January 27, 2011 at 3:20 pm 11 comments

| Gabriel |

Over at OrgTheory, Brayden discusses the lack of a meaningful “plan B” for people whose academic career doesn’t pan out. I’m convinced that one very concrete way you see the repercussions of the lack of a plan B is that so many people are willing to work as lecturers for very little money and under unpleasant conditions (no job security, half your time on the freeway, very heavy teaching loads, little prestige, etc). These are talented people, they are after all PhDs, and it seems like they could have more stable and remunerative lives outside of academia. The fact that they don’t exercise this option reflects either a strong nonpecuniary attachment to academia or a more objective lack of salvage value to the highly asset specific human and social capital they developed in graduate school. That is, staying in academia under bad conditions reflects either emotional or practical barriers to a “plan B.”
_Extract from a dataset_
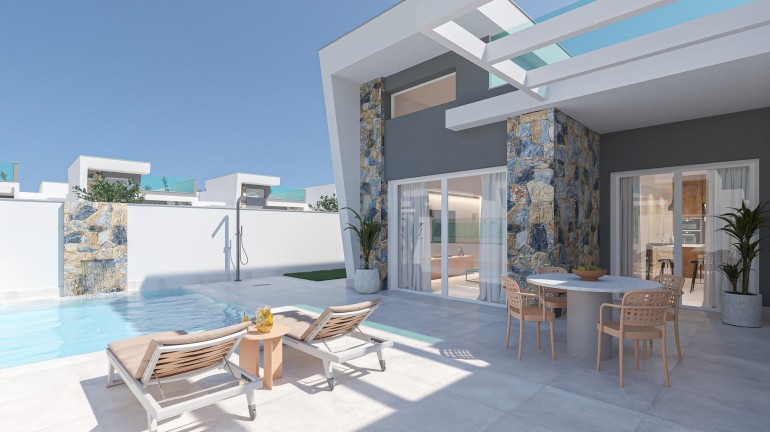 Nouvelle construction - Villa - Los Alcazares - Serena Golf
The AAUP likes to think that we can solve this by organizing lecturers and demanding better contracts for them and/or a greater ratio of ladder:contingent faculty. This may be true on the margin, but the big picture is that academic labor has a right-shifted supply curve and this drives down the market clearing price. Politics and institutions can only take you so far away from the economic fundamentals, especially in a sector whose primary stakeholders (i.e., ladder faculty) would resist redistribution of compensation and privilege and whose other major stakeholders (i.e., state governments and tuition-paying students) are already straining under Baumol’s disease and wouldn’t welcome a further rise in total payroll implied by an adjunct labor contract. You see a similar set of dynamics with artists (also chapter 4 of Creative Industries).

The dirty secret of academia is that we elite research faculty get to have large graduate programs, low teaching loads, and cheap course-buyouts because there is a large pool of people who are so attached to academia that rather than pursue “plan B” they willingly form a spot market for teaching at about $7000 total compensation per class (or less than half the cost of having a ladder assistant professor teach the class). Giving our graduate students the emotional and practical resources to take plan B seriously would undermine our power as people who depend on a flexible labor force and our self-esteem as people whose self-image is based on training a new generation of scholars, but would be an act of humanity to the people who spend five to ten years being trained by us but nonetheless find it doesn’t work out as planned.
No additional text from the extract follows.